----- Information -----

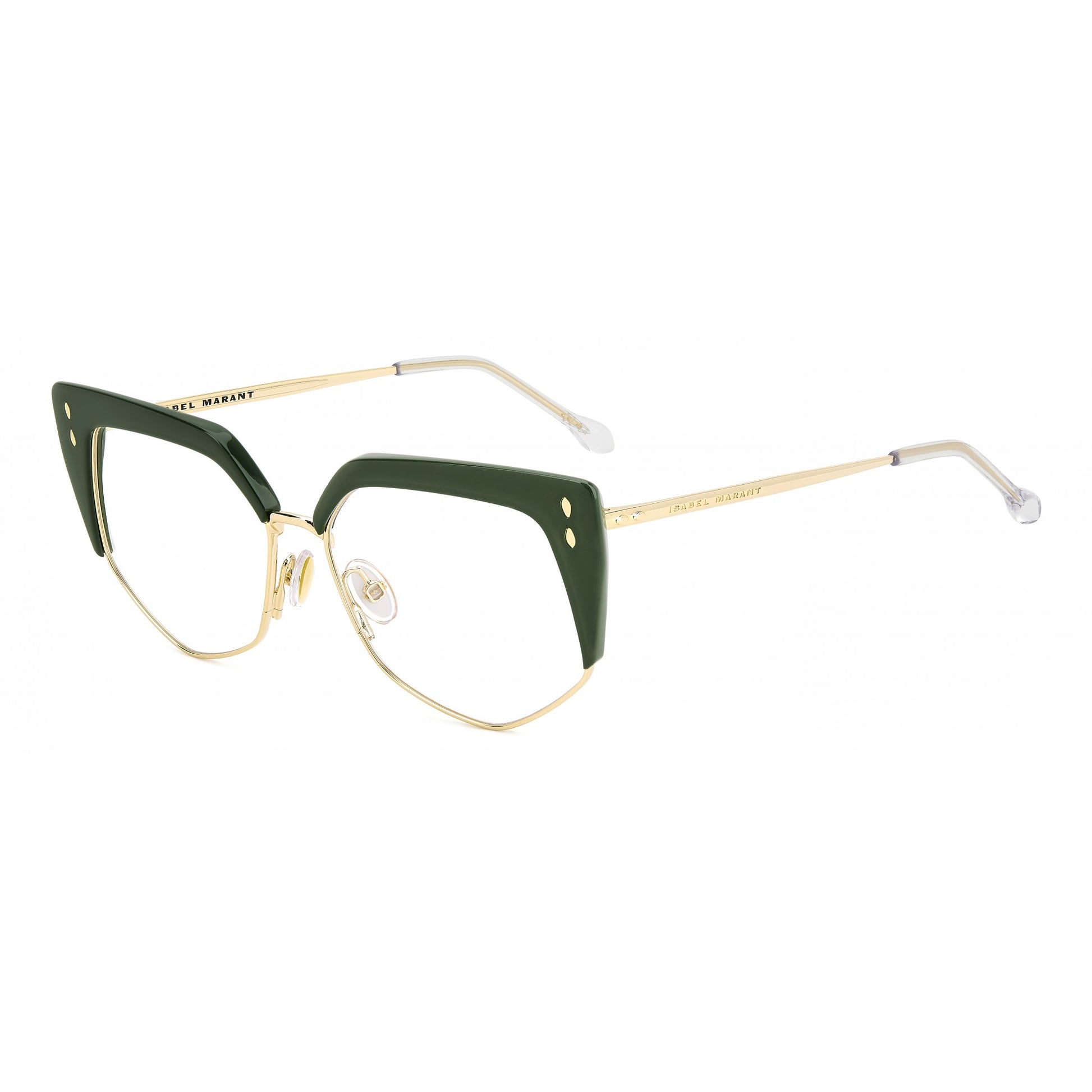 Isabel Marant IM 0161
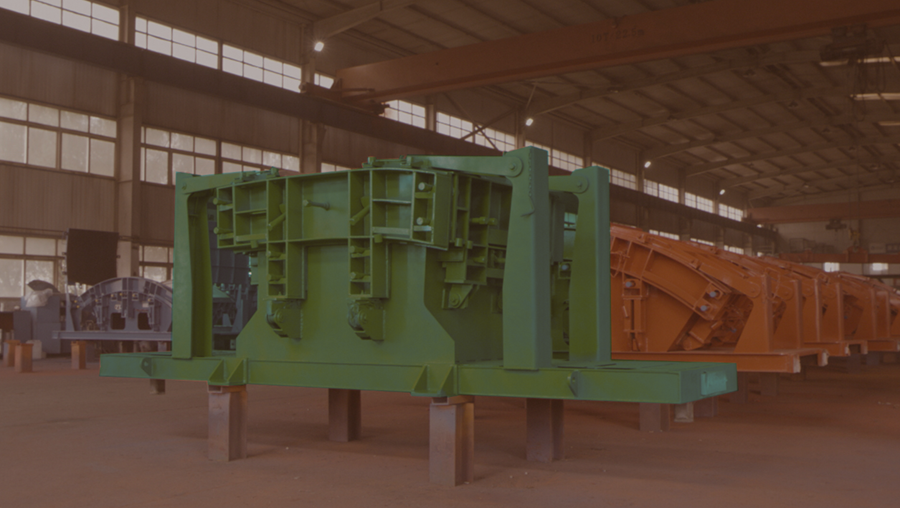 尊龙凯时【最新官网】人生就是搏!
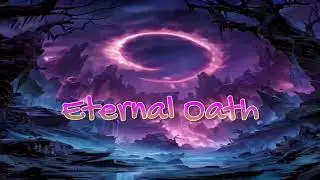 Eternal Oath - Girard (Official Music Video)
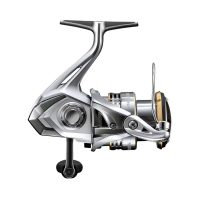carrete-shimano-sedona-fj-c5000-xg (1)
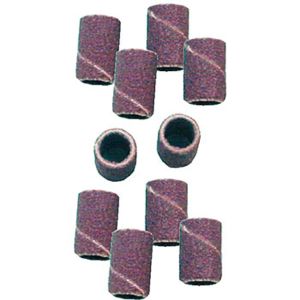 サンフレックス Sumflex サンフレックス J-124 替えペーパ 10個入 Sumflex
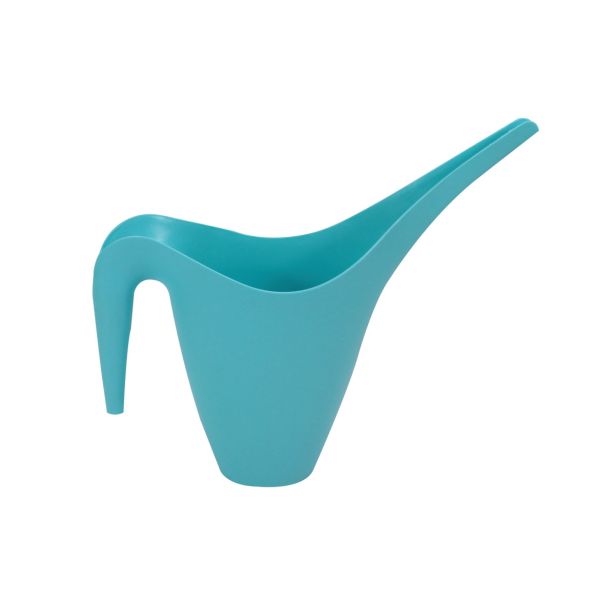 DEKORATIVNA ZALIVALKA WORTH 1.8L MODRA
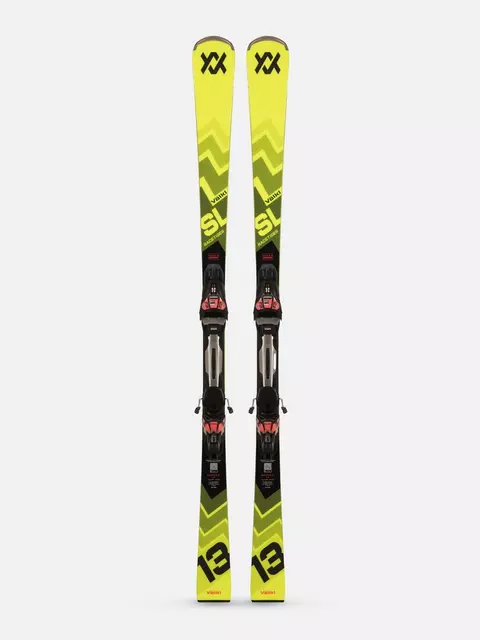 Völkl Racetiger Sl Skis 2025 Völkl Völkl Racetiger Sl Skis 2025 Völkl
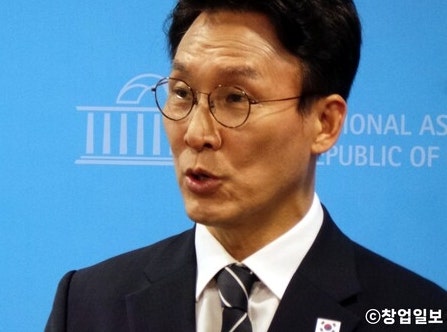 [이슈진단] 갑자기 '노무현 탄핵'이 왜 소환됐을까? 김민석-추미애 ...여권 내홍 총정리...이재....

-----

Faithful copy, images left out: write out every line of data.

◆ Result ◆
 Isabel Marant IM 0161
 尊龙凯时【最新官网】人生就是搏!
 Eternal Oath - Girard (Official Music Video)
carrete-shimano-sedona-fj-c5000-xg (1)
 サンフレックス Sumflex サンフレックス J-124 替えペーパ 10個入 Sumflex
 DEKORATIVNA ZALIVALKA WORTH 1.8L MODRA
 Völkl Racetiger Sl Skis 2025 Völkl Völkl Racetiger Sl Skis 2025 Völkl
 [이슈진단] 갑자기 '노무현 탄핵'이 왜 소환됐을까? 김민석-추미애 ...여권 내홍 총정리...이재....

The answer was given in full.